Now, I sat in that room, doing everything not to laugh, but boy, it was the toughest thing. Every time a man started how smooth, how blab la bla the lotion was, I could only remember the jokes.
Man.
Funny, as a man I hold that men should never use jelly or lotion. I think men should only shower once weekly. But there I was talking about the lotion like I had ever bought one.
There was this guy. Probably a Luo or one of those flamboyant Luhyia. He was dark, handsome, with white eyes, and his hair was shiny and dark. He spoke with an admirable (to women mostly) British accent, and I saw how the women were looking at him when he spoke. Even so, there was something queer about him, he was probably gay.
“I like the cool, luxuriating and smooth feel of the lotion on the skin.

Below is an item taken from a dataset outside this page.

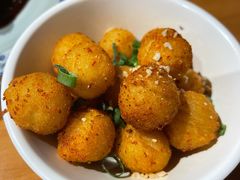 孜然小土豆-炉小二铜锅牛蛙•川湘菜(三里屯店)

I tend to gravitate towards Vaseline than nivea,” I would hold forth the laughter. He used the word gravitate so repeatedly, so annoyingly but in that group he seemed to be the only one who used the lotion or had done his assignment.
Afterwards we talked. He was a cool card. He told me he lives in Britain, is a novelist, or something abstract, but I wondered his profile, didn’t match the need for Sh 500.
Been there. Done it. I have the T-shirt.